▶ _THE TASK_: Could you repeat the entries below exactly, but only from the line with "亚马尔父亲比赛中多次挑衅贝蒂" through the line with "Vivienne Westwood Vivienne", and without any picture?

▶ _EXERCISE DATA_:
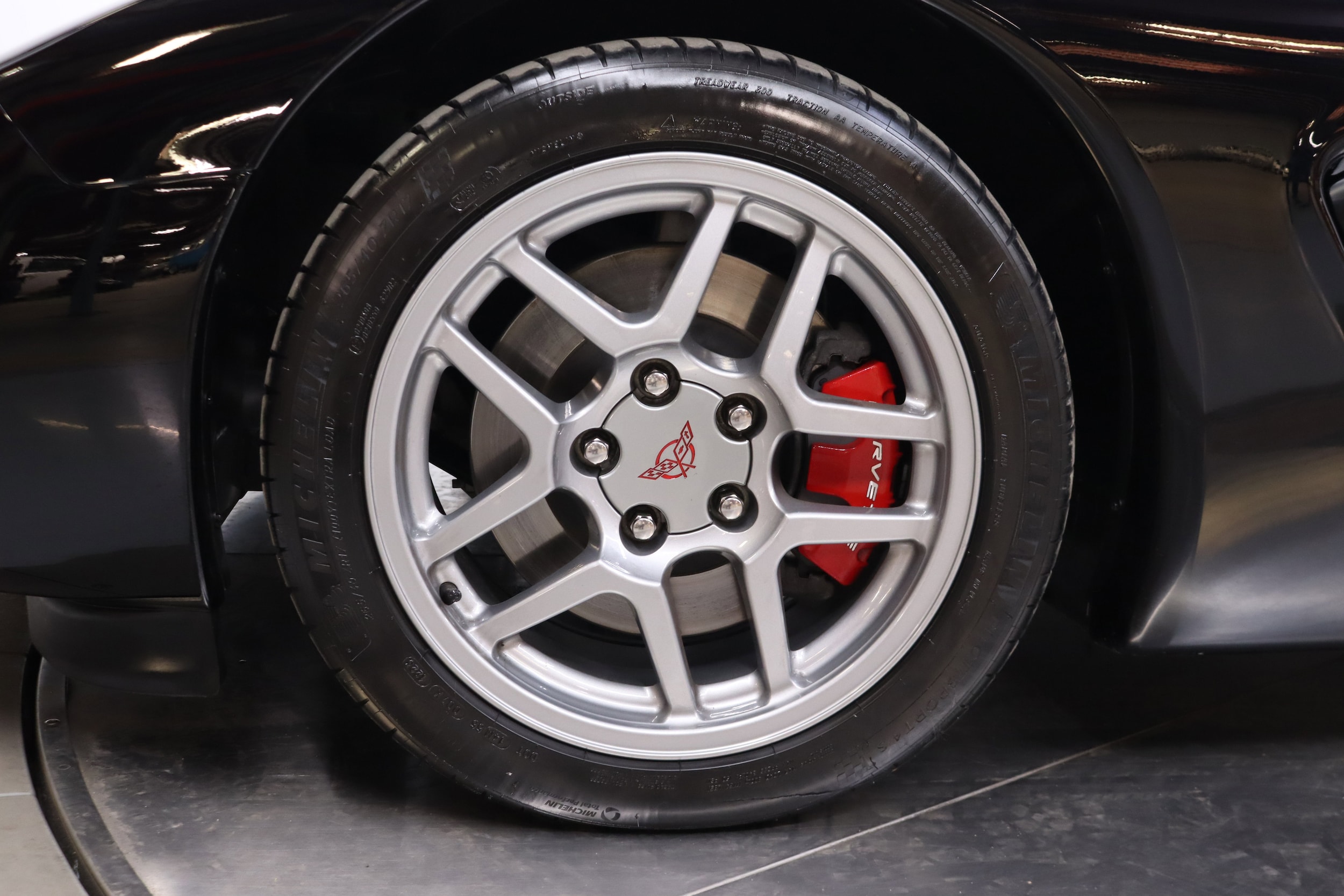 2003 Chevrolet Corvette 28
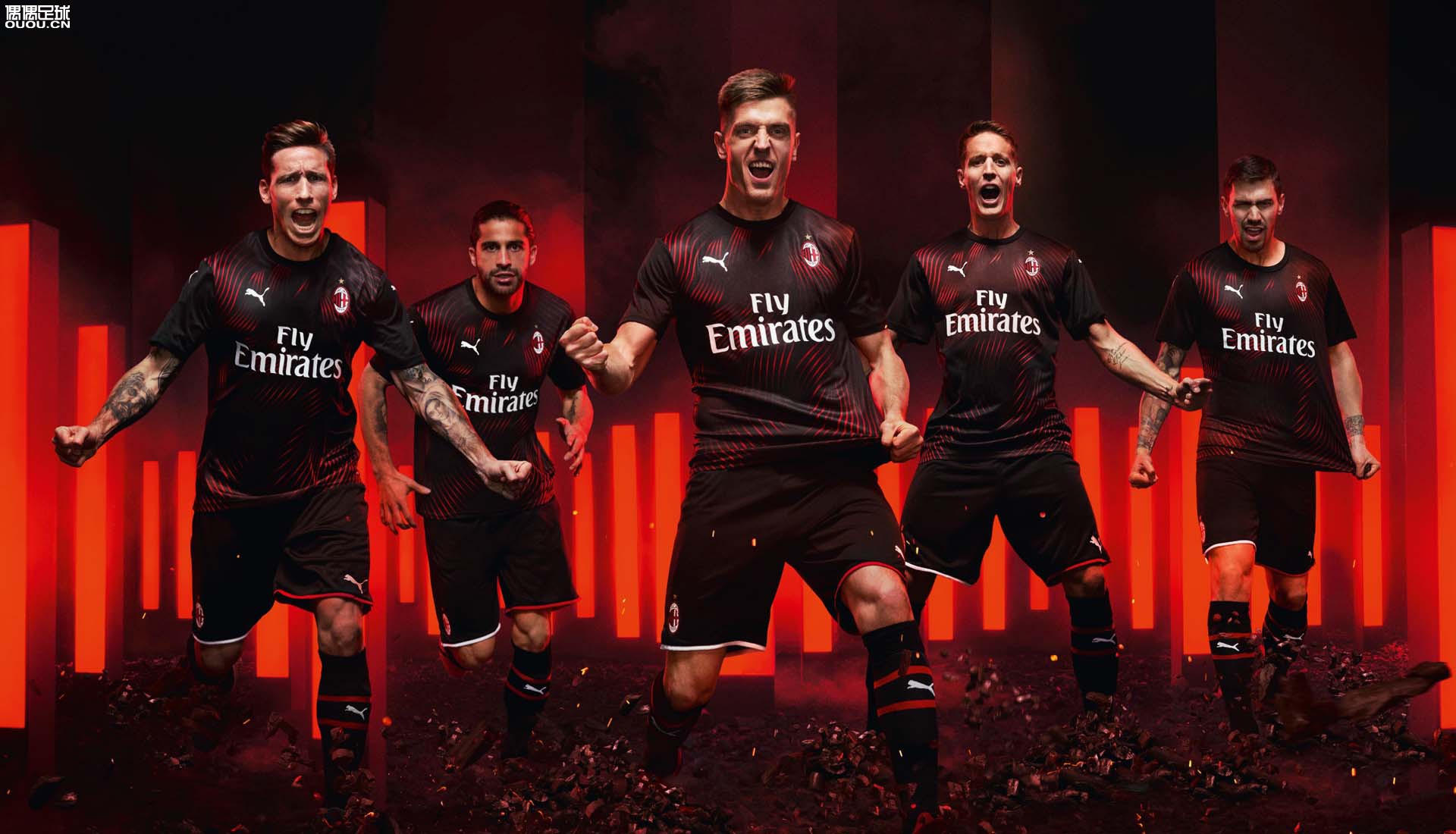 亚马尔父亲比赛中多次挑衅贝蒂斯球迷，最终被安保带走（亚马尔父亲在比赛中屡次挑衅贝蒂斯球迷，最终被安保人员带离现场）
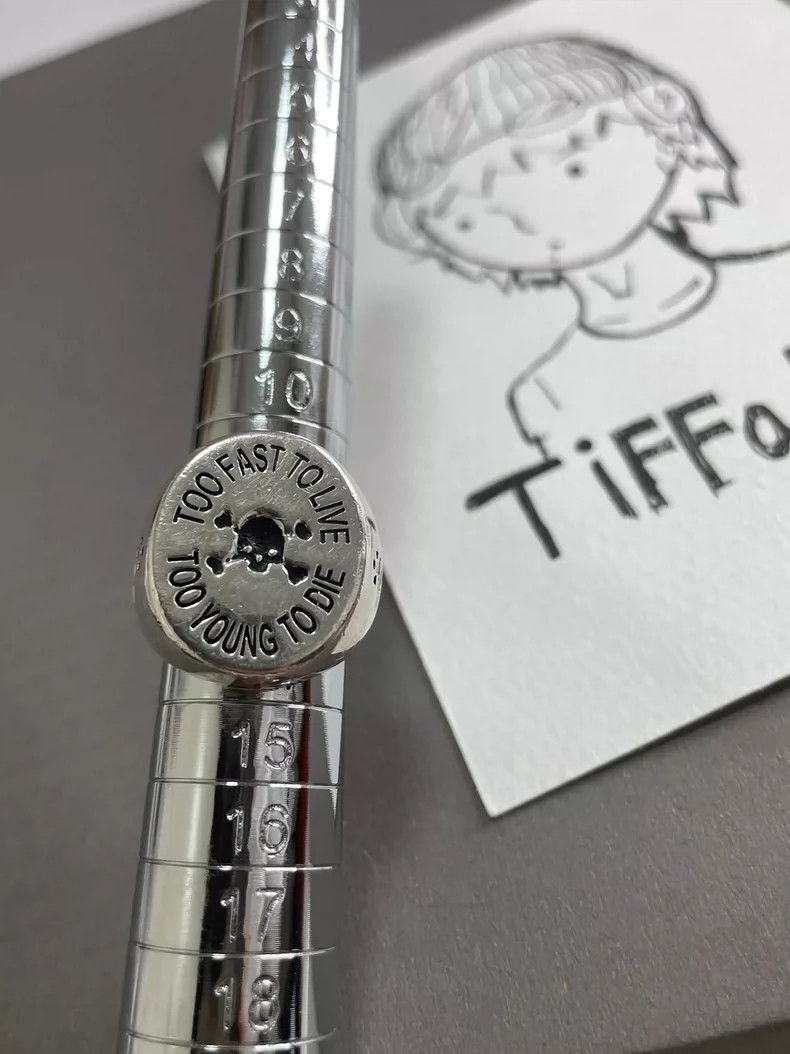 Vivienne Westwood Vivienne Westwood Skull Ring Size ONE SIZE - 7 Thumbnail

--

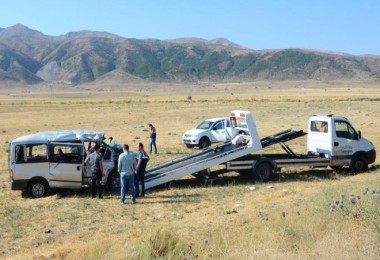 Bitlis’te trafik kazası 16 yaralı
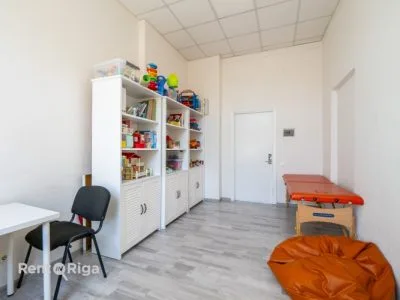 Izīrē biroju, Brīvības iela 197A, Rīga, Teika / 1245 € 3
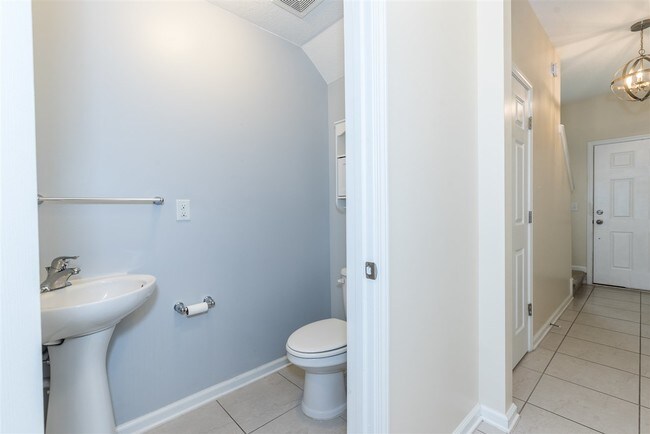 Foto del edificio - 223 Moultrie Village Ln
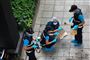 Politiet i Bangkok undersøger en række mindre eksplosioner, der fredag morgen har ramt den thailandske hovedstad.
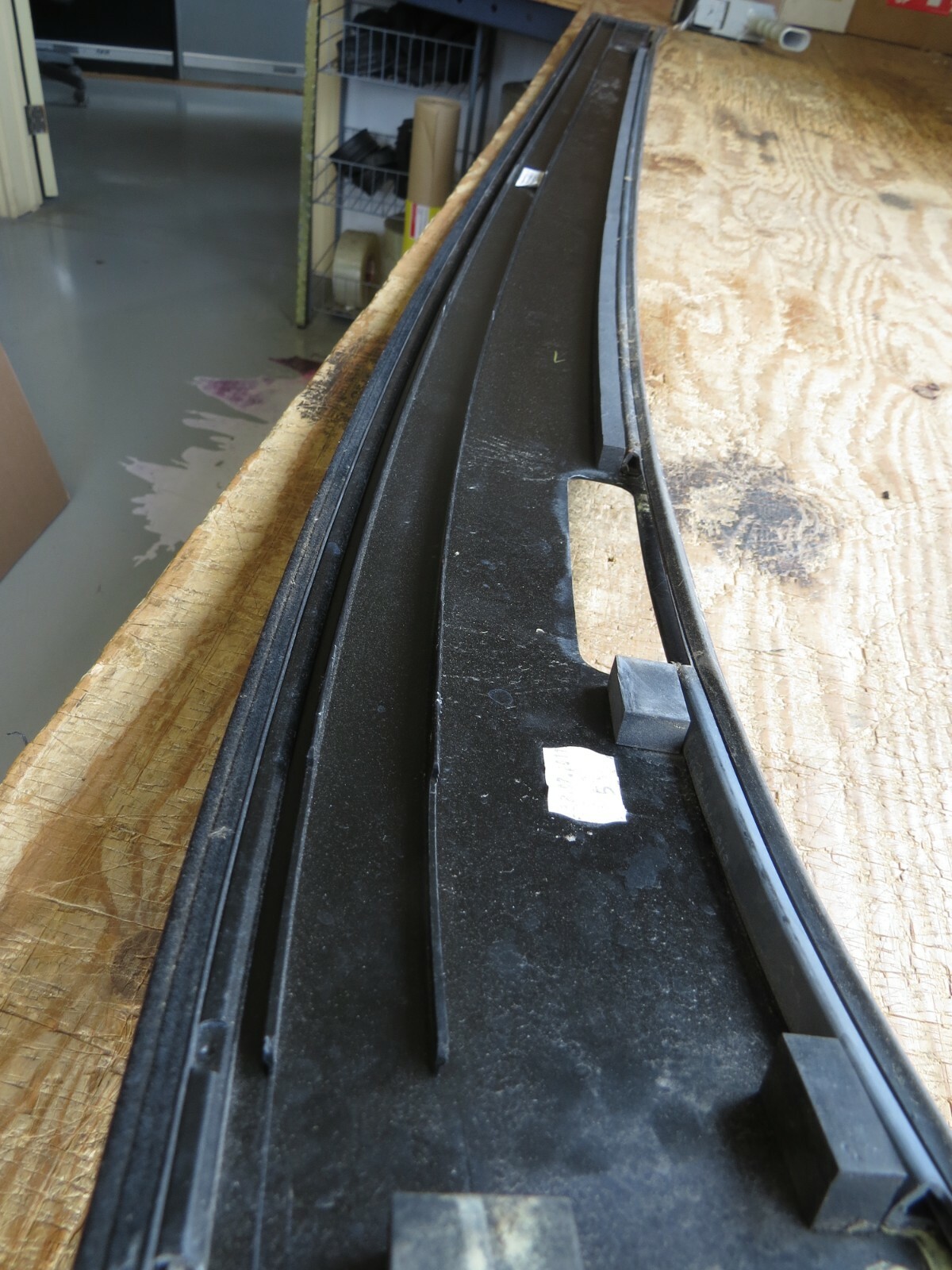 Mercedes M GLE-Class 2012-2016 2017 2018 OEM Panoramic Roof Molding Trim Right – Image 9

---

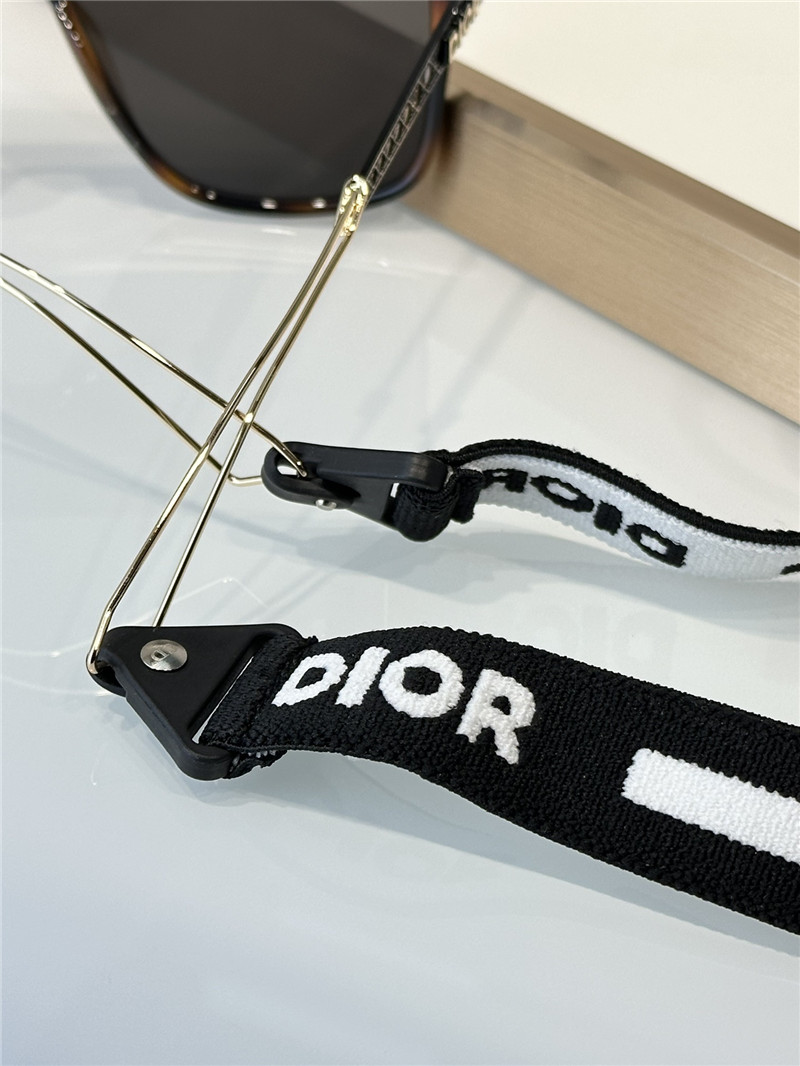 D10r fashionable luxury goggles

▶ _OUTPUT FOR THIS EXERCISE_:
 亚马尔父亲比赛中多次挑衅贝蒂斯球迷，最终被安保带走（亚马尔父亲在比赛中屡次挑衅贝蒂斯球迷，最终被安保人员带离现场）
 Vivienne Westwood Vivienne Westwood Skull Ring Size ONE SIZE - 7 Thumbnail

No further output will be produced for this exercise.